Logs Are Not Enough
You can have perfect logs and still have no idea what your system is doing.
We’ve become obsessed with logging. Structured logs, log levels, distributed tracing, retention policies, indexing strategies. Teams spend weeks building robust logging infrastructure, confident that comprehensive observability will follow. But when an incident hits and you’re staring at thousands of chronological entries, each one technically correct, you realize the truth: you have perfect records of everything that happened and no understanding of why any of it mattered.
Logs Without Narrative
Logs answer what happened, not why it mattered. They are atomized snapshots, chronologically ordered but context-poor, each event recorded in isolation from the larger decision flow it belongs to. When something goes wrong, engineers reconstruct meaning manually, scrolling through timestamps, correlating request IDs across services, building mental models of causation from scattered breadcrumbs. This happens under time pressure, often at 3am, with users waiting and stakeholders demanding answers. That’s not observability, that’s archaeology. You’re excavating the past from fragments, hoping you’ve assembled the pieces correctly, never quite certain you haven’t missed the critical connection that explains why the system did what it did.
The fundamental problem is correlation versus causation. Systems produce oceans of data but no storyline connecting events to outcomes. You can see that service A called service B, that a database query returned, that a cache was hit, that a message was published. But you can’t see why service A decided to call service B instead of service C, why that specific query was chosen, whether the cache hit was expected or a surprise, whether that message represented success or fallback logic. Without intent, logs become noise. The more complex the system grows, the more services involved, the more layers of abstraction, the less useful raw logs become. Volume isn’t the answer to confusion; volume is usually the cause.
From Events to Decisions
Decision logs transform systems from recorders into narrators. Instead of logging that an event occurred, you log why it occurred and what alternatives were considered. “We chose path X because condition Y was true and threshold Z was exceeded.” “Rule A applied to this request, but Rule B was skipped because field C was missing.” “This record was ignored due to failing validation on condition D, which we added last month to handle malformed upstream data.” Each entry doesn’t just timestamp an action, it captures the reasoning behind it, the context that mattered, the branches not taken. This turns your system into a narrator of its own behavior, explaining its choices in real time rather than leaving engineers to infer intent from circumstantial evidence.

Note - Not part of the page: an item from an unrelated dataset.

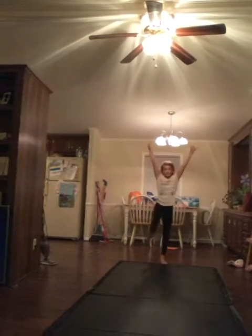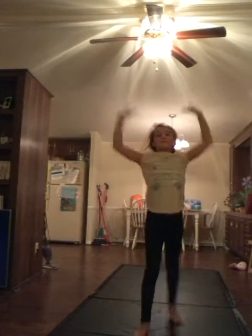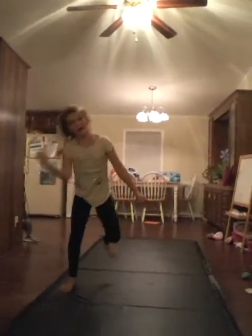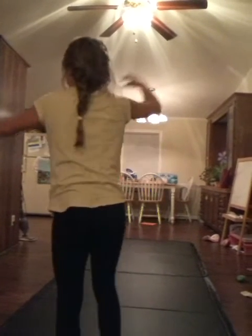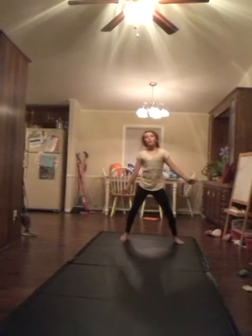Now we're gonna do front walkover — one-handed — and we're going to try no-handed. I can do a front walkover normal. Now she's going to do one-handed. Okay, go Olivia! No — one-handed. Try no-handed.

This fundamentally changes operations. Debugging becomes inspection rather than inference. Instead of building theories about what might have happened and searching logs for supporting evidence, you read the system’s own explanation of what it decided and why. Onboarding accelerates because new engineers can follow decision trails through actual incidents, seeing not just what broke but why the system responded the way it did, which safeguards triggered, which didn’t, and what that reveals about system assumptions. Trust increases throughout the organization because the system shows its work. Product managers can see why certain requests were rejected. Support teams can explain to users why their action produced a specific result. Everyone stops relying on the engineers who built the system to interpret its behavior, because the system interprets itself.

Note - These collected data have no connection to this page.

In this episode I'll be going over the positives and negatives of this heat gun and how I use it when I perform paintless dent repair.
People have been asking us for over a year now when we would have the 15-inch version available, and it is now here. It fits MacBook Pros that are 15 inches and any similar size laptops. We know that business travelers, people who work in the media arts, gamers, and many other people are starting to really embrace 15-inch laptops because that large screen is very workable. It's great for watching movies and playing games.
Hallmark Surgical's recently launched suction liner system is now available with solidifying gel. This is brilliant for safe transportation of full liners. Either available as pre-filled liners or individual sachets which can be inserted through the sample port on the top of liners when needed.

When the Logs Lied by Telling the Truth
We had a payment processing system that occasionally failed to charge customers despite successful API responses from the payment provider. The logs were meticulous. Every request logged, every response captured, timestamps synchronized across services. When we investigated, the logs showed exactly what we expected: request sent, 200 response received, payment ID stored, confirmation event published. Every line was accurate. Every timestamp made sense. The logs told the truth. But they didn’t tell us that the payment provider’s 200 response actually indicated a pending state that required later verification, not immediate success. They didn’t explain that our system interpreted any non-error response as completion. They didn’t show that we had implicit assumptions about what 200 meant that the payment provider didn’t share.

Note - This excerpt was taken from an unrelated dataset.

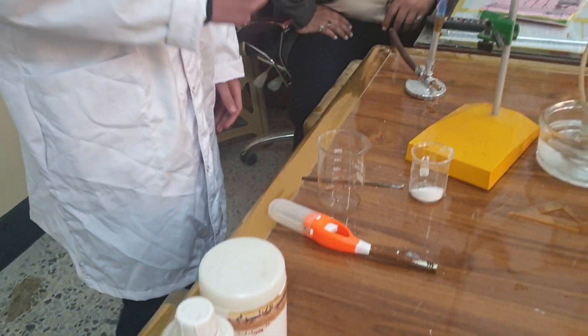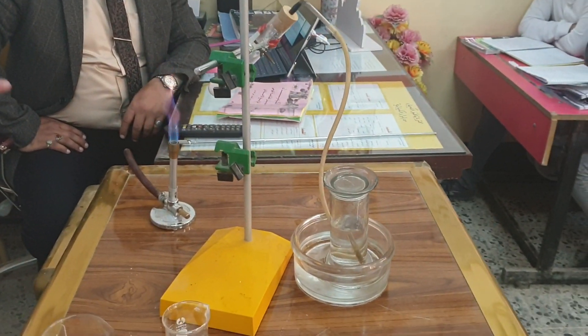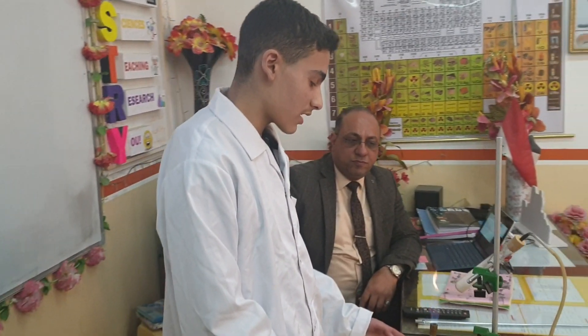To prepare methane in the laboratory, you need to heat sodium acetate along with calcium hydroxide or sodium hydroxide, because the mixture will have little effect on glass and will ensure a high melting point for sodium hydroxide. The resulting gas can be collected by moving the water further down.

We added a single field to our decision logs: payment_status_interpretation. It recorded not just the status code, but what our system interpreted that code to mean and which downstream actions resulted from that interpretation. The next time it happened, the answer was immediate. The log showed “received status 200, interpreted as SUCCESS based on rule: any_ok_response_is_complete, skipped verification step because assumption: success_is_final.” The entire incident collapsed from mystery to obvious misconfiguration. We hadn’t needed more logs, we’d needed one explanatory field that made our assumption visible. The system was finally telling the story, not just recording events.
Key Takeaways
Logs capture activity, not reasoning; they show what happened without explaining why it mattered
Explanation requires intent, not volume; more data without more context is just more noise
Systems should narrate their own behavior, turning operators from archaeologists into readers
If a new engineer joined your team tomorrow, could your system explain itself to them? Or would they need to find the person who built it three years ago?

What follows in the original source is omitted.